China's trade surplus balloons
ALLISON JACKSON
August 10, 2010 - 3:59PM
China's trade surplus ballooned to 28.7 billion US dollars in July as exports hit a record high, government data showed Tuesday, which is likely to intensify pressure on Beijing for a stronger yuan.
Despite a slower growth in exports, the nation posted its biggest trade surplus since January 2009 as the value of China's overseas shipments reached a monthly record 145.52 billion US dollars in July, customs authorities said.
The data suggested China had so far seen little impact from the European debt crisis and weak recovery in the United States, as consumers continued to snap up Chinese-made televisions, T-shirts and leather shoes.

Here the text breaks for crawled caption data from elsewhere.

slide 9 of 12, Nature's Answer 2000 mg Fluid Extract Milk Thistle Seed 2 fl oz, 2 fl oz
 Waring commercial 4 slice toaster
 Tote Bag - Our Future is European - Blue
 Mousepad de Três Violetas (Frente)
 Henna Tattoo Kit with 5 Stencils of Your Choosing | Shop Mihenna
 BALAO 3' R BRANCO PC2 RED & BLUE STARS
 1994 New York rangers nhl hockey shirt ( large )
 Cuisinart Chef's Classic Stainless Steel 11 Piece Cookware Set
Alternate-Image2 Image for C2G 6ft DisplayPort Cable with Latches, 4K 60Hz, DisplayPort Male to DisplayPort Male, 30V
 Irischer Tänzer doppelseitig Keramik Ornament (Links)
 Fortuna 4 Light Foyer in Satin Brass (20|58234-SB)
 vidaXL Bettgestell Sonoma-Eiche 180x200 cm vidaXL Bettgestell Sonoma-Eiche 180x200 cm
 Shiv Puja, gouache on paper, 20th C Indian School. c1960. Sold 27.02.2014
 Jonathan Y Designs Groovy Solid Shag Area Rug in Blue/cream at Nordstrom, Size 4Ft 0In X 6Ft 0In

July's trade surplus compared with a surplus of 20.02 billion US dollars in June and surpassed analyst expectations for 19.6 billion US dollars.
It also marked a sharp turnaround from March, when the country recorded a trade deficit.
Exports grew 38.1 percent from the same period a year ago, slower than in June, when they were up 43.9 percent as steelmakers and other raw material producers accelerated shipments before the government scrapped tax rebates on some products last month.
Policymakers were likely to resist any outside pressure to let the Chinese currency appreciate too quickly against the dollar, using the slowdown in export growth as their justification, experts said.
Imports gained 22.7 percent year-on-year to 116.79 billion US dollars in July, marking a sharp slowdown in the pace of growth from June, when imports rose 34.1 percent.
It was the fourth straight month that year-on-year growth in imports has slowed.
"In the United States we still have unemployment close to 10 percent and data out later this week will likely show another huge trade deficit of more than 40 billion US dollars," said Brian Jackson, a senior analyst at Royal Bank of Canada in Hong Kong.
"This contrast in the trade position of the two most important economies in the world will likely increase the pressure from Washington for Beijing to allow further currency appreciation."
Beijing pledged in mid-June to let the yuan exchange rate trade more freely against the dollar, though it ruled out sharp fluctuations in the value of the currency.
Since then, the yuan has gained less than one percent against the greenback, angering US lawmakers and other critics who claim the currency is undervalued by as much as 40 percent, giving Chinese exporters an unfair advantage.
But the slowdown in export growth could deter Beijing from letting the yuan appreciate too fast, analysts said.
"The seasonal rise in the trade surplus during the remainder of the year, and expected slowing in year-ago export growth is unhelpful for foreign exchange policy," said Ben Simpfendorfer, economist at Royal Bank of Scotland in Hong Kong.
"The two developments will only add to Washington's insistence on a stronger yuan and Beijing's resistance."